Listful Thinking: The art of growing up


A friend of mine who turns 23 this month is worrying about it. It sounds like such a grownup age, which is putting a lot of pressure on him.

“I have so many questions,” he said to me. “Do I have to start tucking in my shirt?”

I didn’t have an answer for him. In elementary school, I decided to get married at 25 because then I’d be an adult and it seemed like the age one does that sort of thing. But 23 isn’t that far off from 25. Tucking in his shirt may be the least he can do. The question I keep coming back to is one that’s proving extremely difficult to answer. When do you start being a grownup?

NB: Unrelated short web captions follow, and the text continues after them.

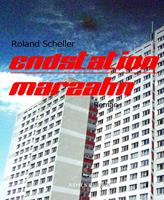  Endstation Marzahn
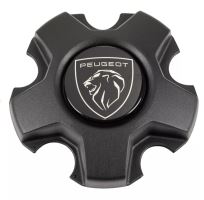 Krytka kola Peugeot Boxer od 2024 středová, 16" disk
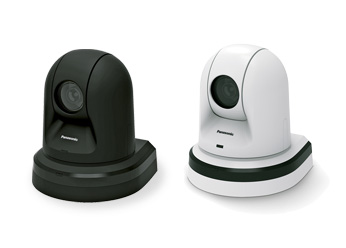 松下AW-HE65SKMC高清云台一体化摄像机配松下AW-RP50MC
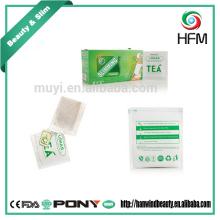 china alibaba wholesale effective herbal slimming tea side effects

As kids, we spent a lot of time looking at the taller people around us, thinking they really had a handle on things. I’ve heard with age comes wisdom, which is why in first grade I thought sixth graders had that whole life thing down to a science. But now I’ve been through sixth grade, I’m going into 16th grade, and I still feel like the first grader who sadly watched as Kenton Harshbarger wiped his boogers on her chicken nuggets. I don’t have life down to a science. It’s a miracle I even remember to brush my hair in the morning.

Legally, I became an adult at 18. When I remember what I was doing at 18, though, I realize I was only adult in the sense that my parents were no longer obligated to care about me and I became eligible for jail and the lottery. I spent a surprising amount of time dancing around to “I’m Too Sexy” in my underwear, for God’s sakes. It certainly didn’t happen on my 21st birthday, which was again spent dancing to “I’m Too Sexy” (although happily I was wearing pants). Nonetheless, I have somehow inexplicably found society starting to expect new things of me.

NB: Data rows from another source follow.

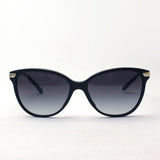 バーバリー サングラス BURBERRY BE4216F 30018G
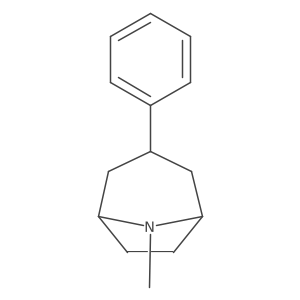 96793-10-1 structure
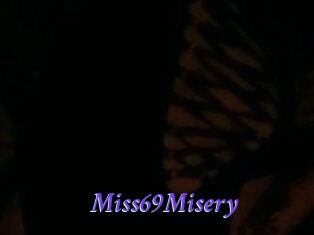 Miss69Misery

As it turns out, no one throws you a party on a certain date with a banner that says, “Congrats! Now You’re A Real Person!” Nobody even gives you a lame Hallmark card. All of the sudden the kids you’re hanging out with are paying their bills, and cooking meals, and in some cases producing kids of their own. They don’t know what they’re doing. There’s no aptitude test or shady initiation ceremony they went through to do those things. They know exactly the same stuff you do, and since those are all grownup activities, you too must be a grownup. That means that you and all those other inexperienced people are now the ones all the younger people are watching thinking, “Yep. They know what they’re doing.”

They’re so wrong. I’ve been asking around, thinking maybe everyone else took a Home Ec class I missed (which happened in middle school– I still can’t use a sewing machine). It turns out we’re all sort of meandering around being phony, pretending that we’re totally qualified to have PIN numbers and migraines and the ability to make dentist appointments. No one announced to the world, “Now I will be responsible!” It just happened. We’re adults with adult responsibilities.

It’s official: my nearly 23-year-old friend and I have joined the ranks of grownups, completely by accident. He doesn’t have to tuck in his shirt if he doesn’t want to because he’s an adult, and although he may not know it, he’s probably been doing grownup things for a while now. Elementary school-aged Stephanie would advise him to get married.

Present day Stephanie only has this to say: Fake it until you make it. It’s what the rest of the world’s been doing this whole time.